Serve an LLM on L4 GPUs with Ray

Autopilot Standard

This guide demonstrates how to serve large language models (LLM) using Ray and the Ray Operator add-on with Google Kubernetes Engine (GKE).

In this guide, you can serve any of the following models:

This guide also covers model serving techniques like model multiplexing and model composition that are supported by the Ray Serve framework.

Background

The Ray framework provides an end-to-end AI/ML platform for training, fine-training, and inferencing of machine learning workloads. Ray Serve is a framework in Ray that you can use to serve popular LLMs from Hugging Face.

Depending on the data format of the model, the number of GPUs varies. In this guide, your model can use one or two L4 GPUs.

This guide covers the following steps:

Create an Autopilot or Standard GKE cluster with the Ray Operator add-on enabled.
Deploy a RayService resource that downloads and serves a large language model (LLM) from Hugging Face.
Deploy a chat interface and dialog with LLMs.

Before you begin

Before you start, make sure you have performed the following tasks:

Enable the Google Kubernetes Engine API.

Enable Google Kubernetes Engine API

If you want to use the Google Cloud CLI for this task, install and then initialize the gcloud CLI. If you previously installed the gcloud CLI, get the latest version by running gcloud components update.
Note: For existing gcloud CLI installations, make sure to set the compute/region and compute/zone properties. By setting default locations, you can avoid errors in gcloud CLI like the following: One of [--zone, --region] must be supplied: Please specify location.
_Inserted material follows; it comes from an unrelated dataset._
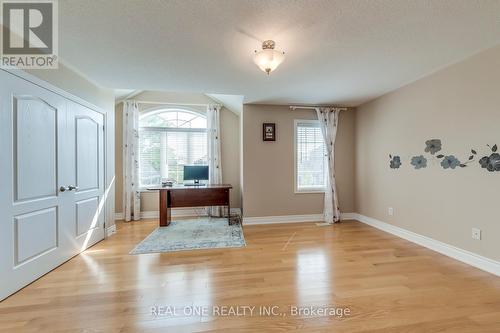 2395 Thruxton Drive, Oakville, ON - Indoor Photo Showing Other Room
Create a Hugging Face account, if you don't already have one.
Ensure that you have a Hugging Face token.
Ensure that you have access to the Hugging Face model that you want to use. This is usually granted by signing an agreement and requesting access from the model owner on the Hugging Face model page.
Ensure that you have GPU quota in the us-central1 region. To learn more, see GPU quota.

Prepare your environment

In the Google Cloud console, start a Cloud Shell instance:
Open Cloud Shell

Clone the sample repository:

git clone https://github.com/GoogleCloudPlatform/kubernetes-engine-samples.git
cd kubernetes-engine-samples/ai-ml/gke-ray/rayserve/llm
export TUTORIAL_HOME=`pwd`

Set the default environment variables:
```
gcloud config set project PROJECT_ID
export PROJECT_ID=$(gcloud config get project)
export COMPUTE_REGION=us-central1
export CLUSTER_VERSION=CLUSTER_VERSION
export HF_TOKEN=HUGGING_FACE_TOKEN
```
Replace the following:
- PROJECT_ID: your Google Cloud project ID.
- CLUSTER_VERSION: the GKE version to use. Must be 1.30.1 or later.
- HUGGING_FACE_TOKEN: your Hugging Face access token.

Create a cluster with a GPU node pool

You can serve an LLM on L4 GPUs with Ray in a GKE Autopilot or Standard cluster using the Ray Operator add-on. We generally recommend that you use an Autopilot cluster for a fully managed Kubernetes experience. Choose a Standard cluster instead if your use case requires high scalability or if you want more control over cluster configuration. To choose the GKE mode of operation that's the best fit for your workloads, see Choose a GKE mode of operation.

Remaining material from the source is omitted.